Source records -
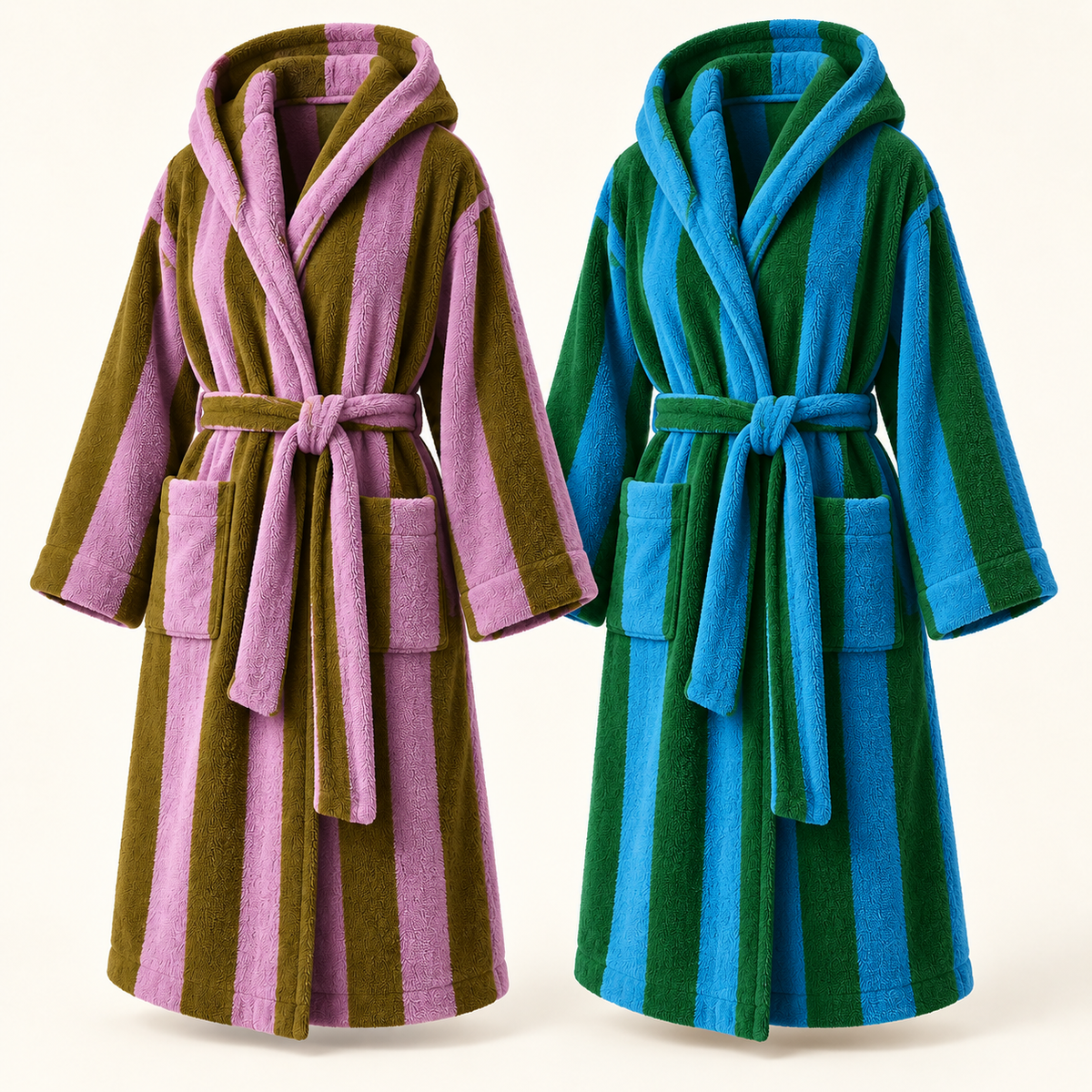 Bold Stripe bathrobe in Pink and Brown and Blue and Green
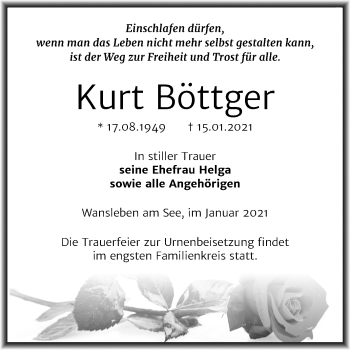 Traueranzeige von Kurt Böttger von Mitteldeutsche Zeitung Mansfelder Land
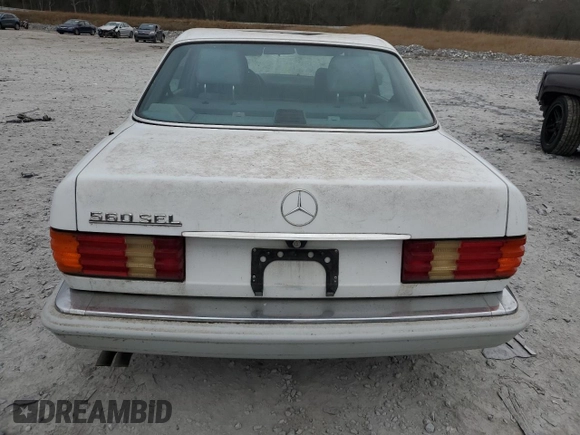 1989 Mercedes-Benz 560 with VIN WDBCA39E0KA469417, listed as a Copart auction lot 43929215 with 52,559 mi miles and Salvage Title. Bid and sale history available at DreamBid. Image 6.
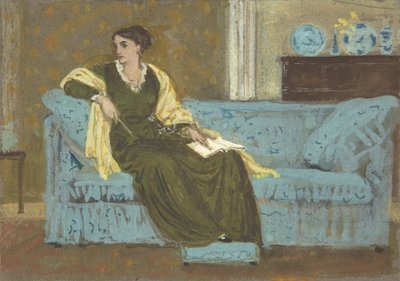 Frau auf einem Sofa sitzend, 1865-1915 von Walter Crane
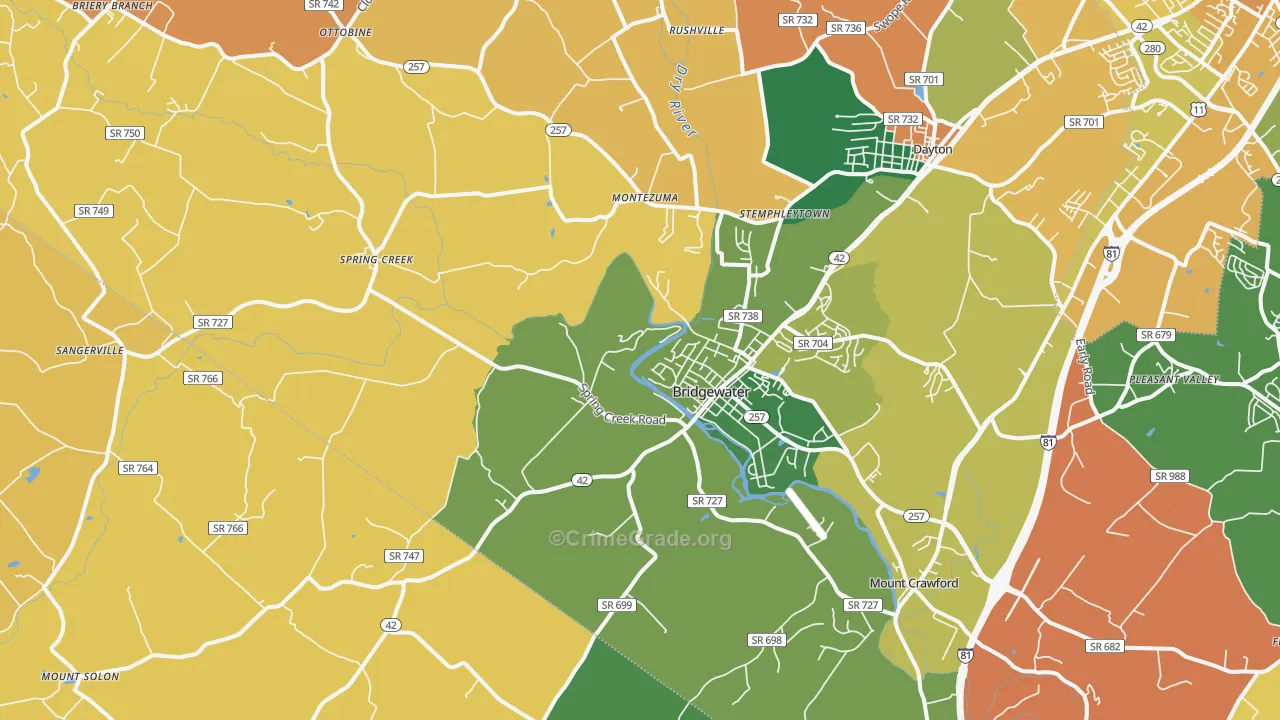 Bridgewater, VA Map of Burglary Rates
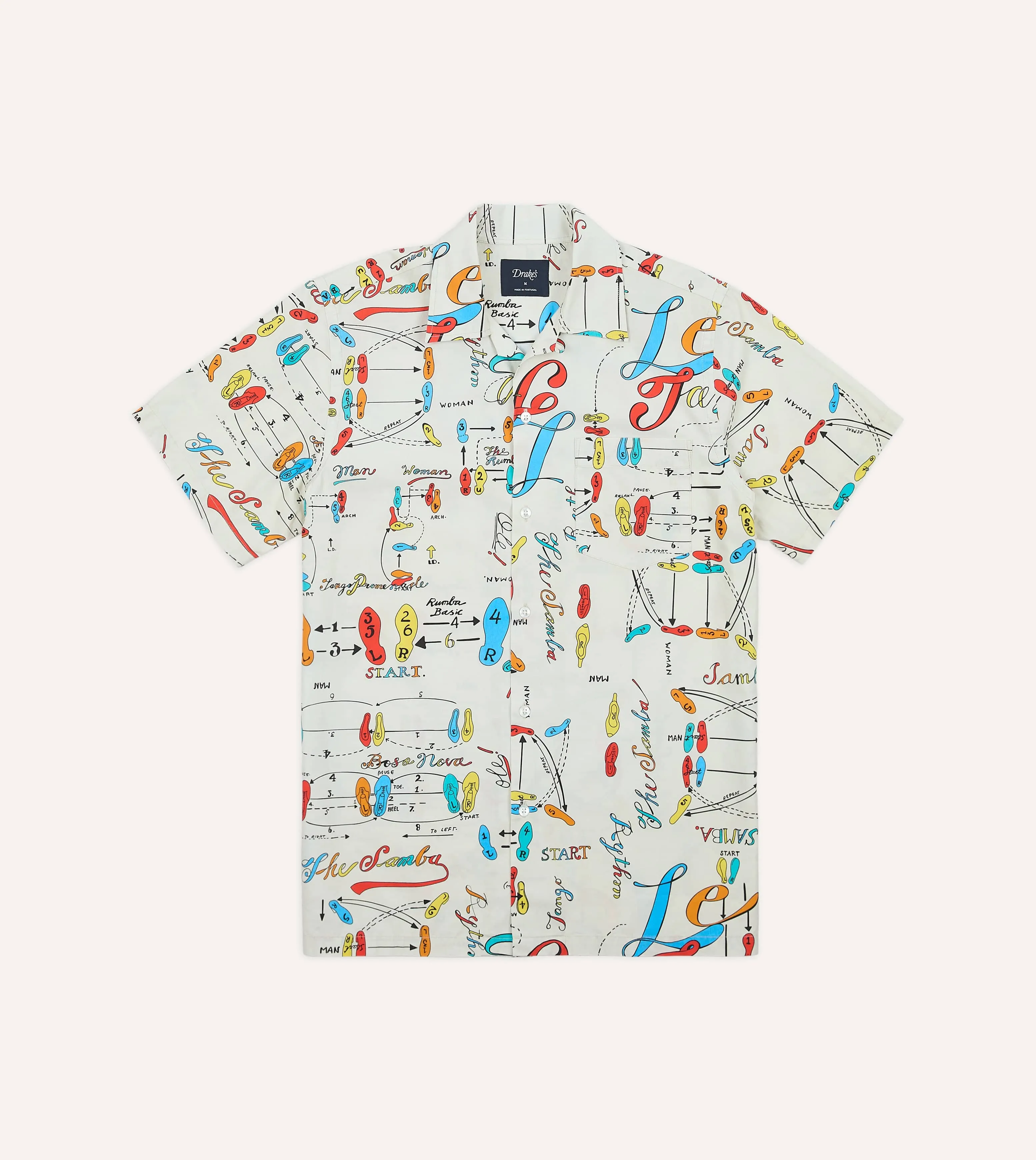 Pastel color Dance Steps Print Cotton Camp Collar Short Sleeve Shirt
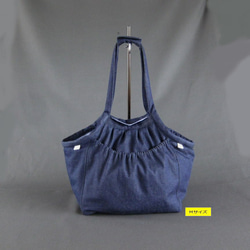 受注制作 Mサイズ 小型犬用 中綿入り デニム ふわふわキャリーバッグ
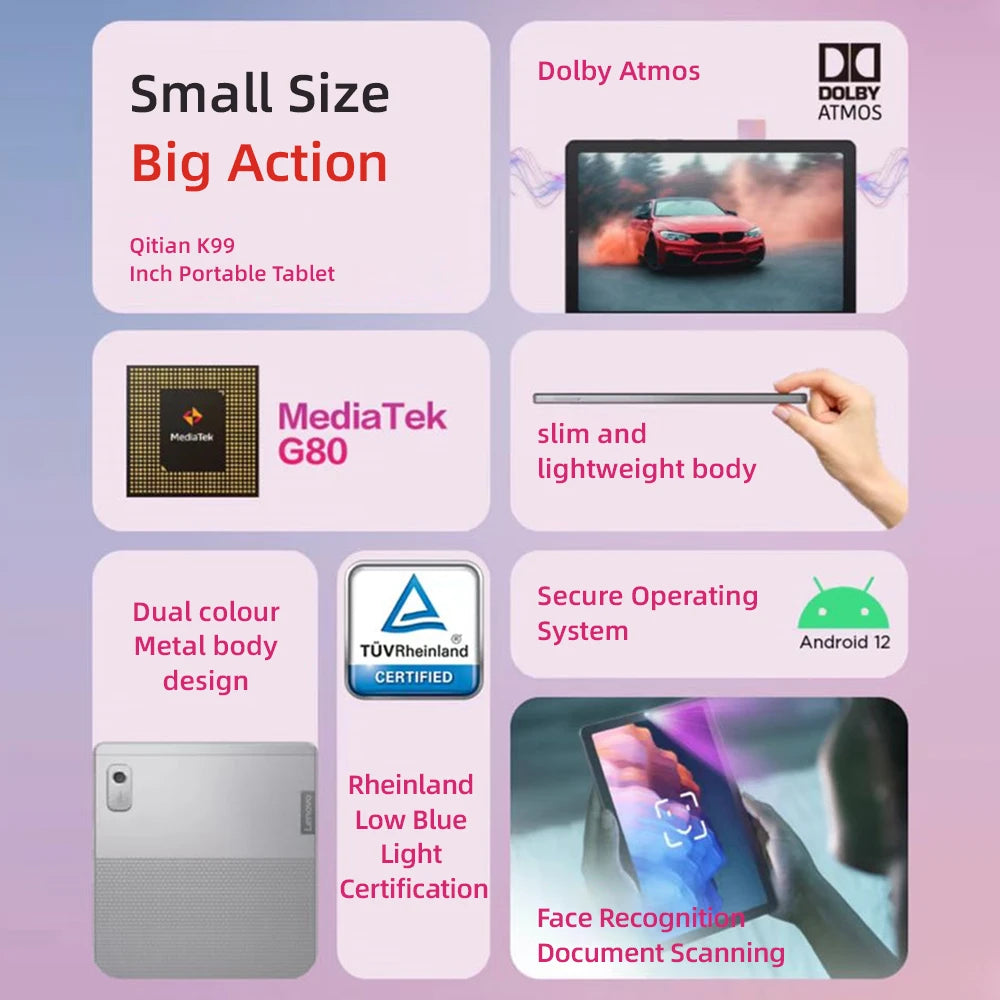 Global firmware Lenovo Pad K9 M9 Tablet 9-inch HD screen Portable Tab 4G+64G Android 12 Tablet M9 Grey LTE 5100mAh battery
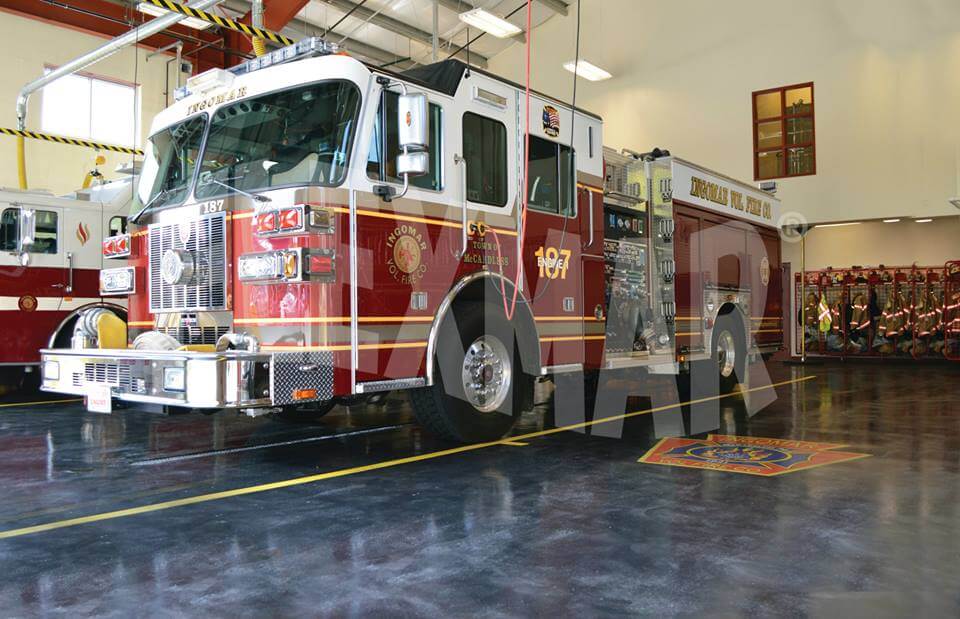 Ingomar Fire Company variegate stain-sealer flooring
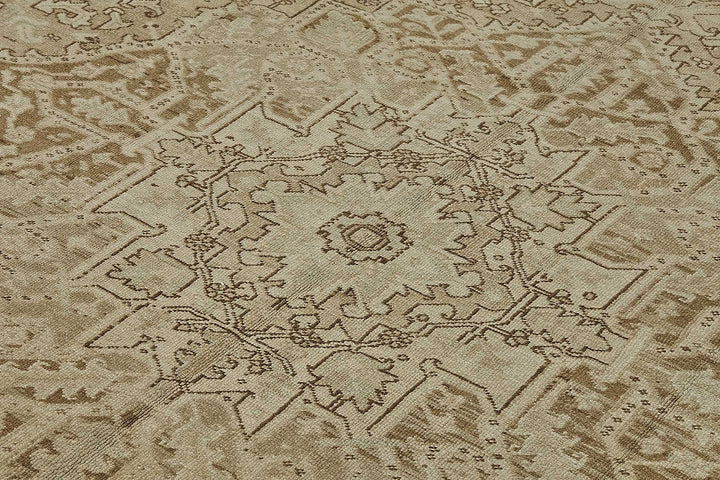 9x12 Beige Antique Persian Heriz Rug - 50130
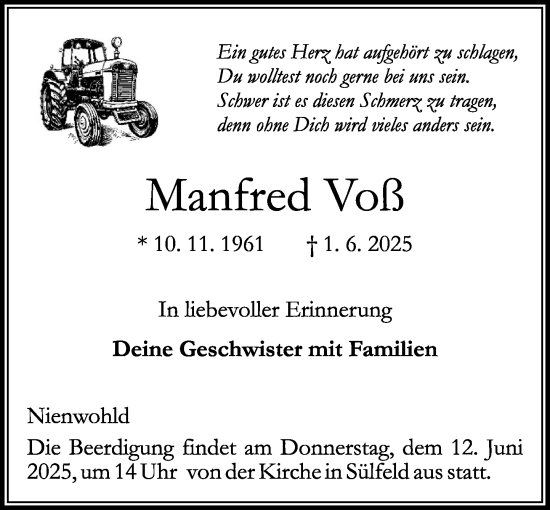 Traueranzeige von Manfred Voß von MARKT Ahrensburg/Bargteheide/Trittau und Stormarner Tageblatt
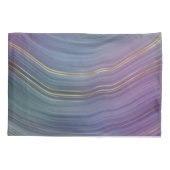 Coole Strata | Beautiful Blue Lila and Gold Agate Kissenbezug (Rückseite)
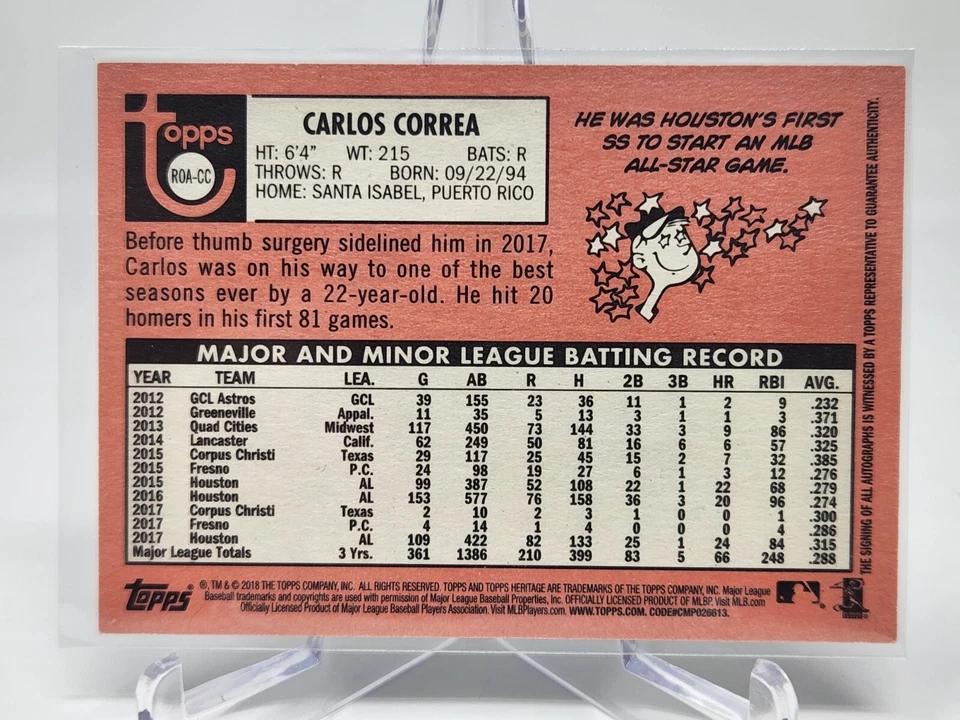 2018 Topps Heritage Carlos Carrea Auto #ROA-CC Hand Numbered /69 sc - Image 3 of 3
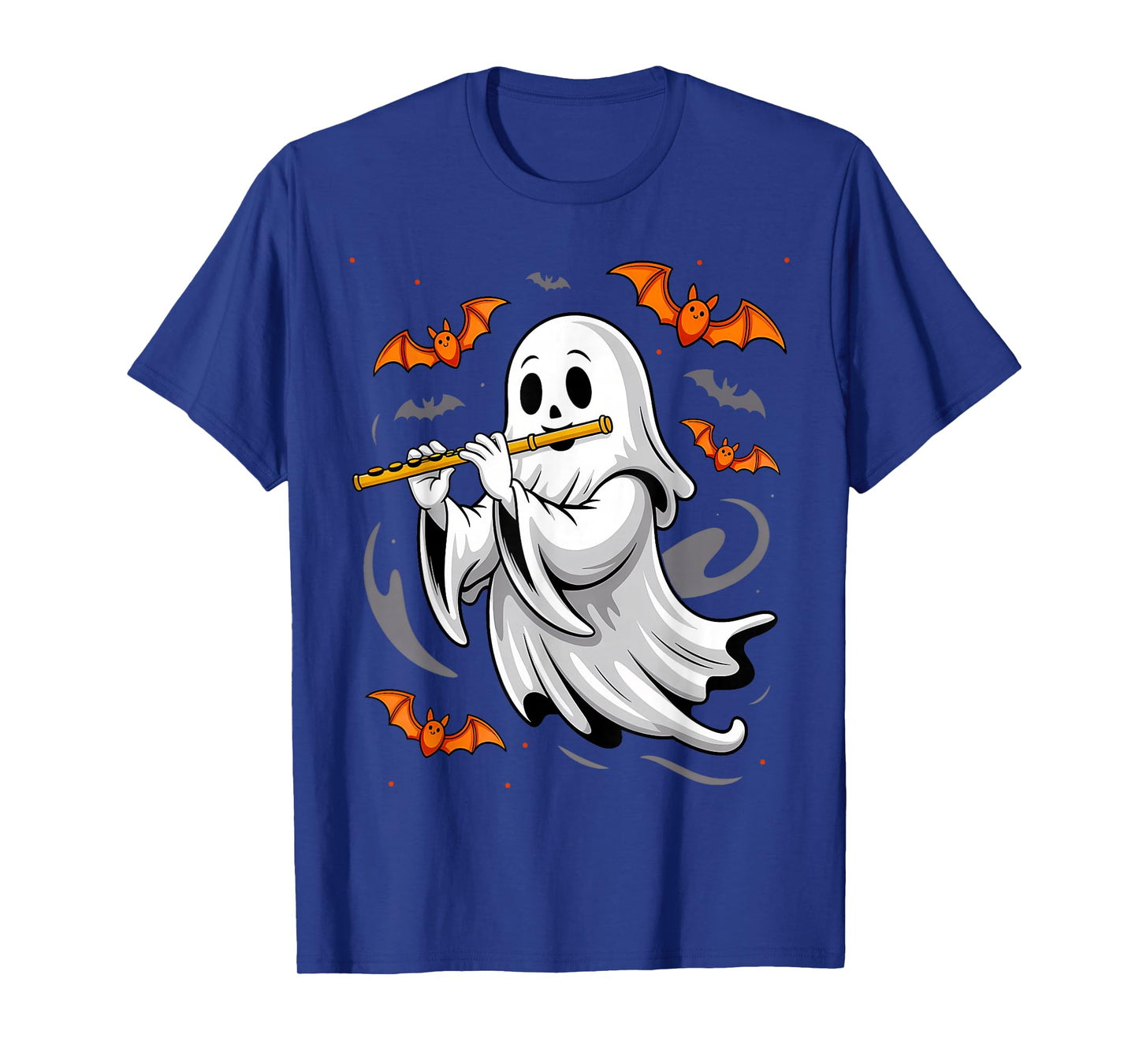 Boo Ghost Playing Flute Halloween Musical Instrument T-Shirt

Problem -
The whole listing must be transcribed exactly. No pictures belong in the copy.

Answer below -
 Bold Stripe bathrobe in Pink and Brown and Blue and Green
 Traueranzeige von Kurt Böttger von Mitteldeutsche Zeitung Mansfelder Land
 1989 Mercedes-Benz 560 with VIN WDBCA39E0KA469417, listed as a Copart auction lot 43929215 with 52,559 mi miles and Salvage Title. Bid and sale history available at DreamBid. Image 6.
 Frau auf einem Sofa sitzend, 1865-1915 von Walter Crane
 Bridgewater, VA Map of Burglary Rates
 Pastel color Dance Steps Print Cotton Camp Collar Short Sleeve Shirt
 受注制作 Mサイズ 小型犬用 中綿入り デニム ふわふわキャリーバッグ
 Global firmware Lenovo Pad K9 M9 Tablet 9-inch HD screen Portable Tab 4G+64G Android 12 Tablet M9 Grey LTE 5100mAh battery
 Ingomar Fire Company variegate stain-sealer flooring
 9x12 Beige Antique Persian Heriz Rug - 50130
 Traueranzeige von Manfred Voß von MARKT Ahrensburg/Bargteheide/Trittau und Stormarner Tageblatt
 Coole Strata | Beautiful Blue Lila and Gold Agate Kissenbezug (Rückseite)
 2018 Topps Heritage Carlos Carrea Auto #ROA-CC Hand Numbered /69 sc - Image 3 of 3
 Boo Ghost Playing Flute Halloween Musical Instrument T-Shirt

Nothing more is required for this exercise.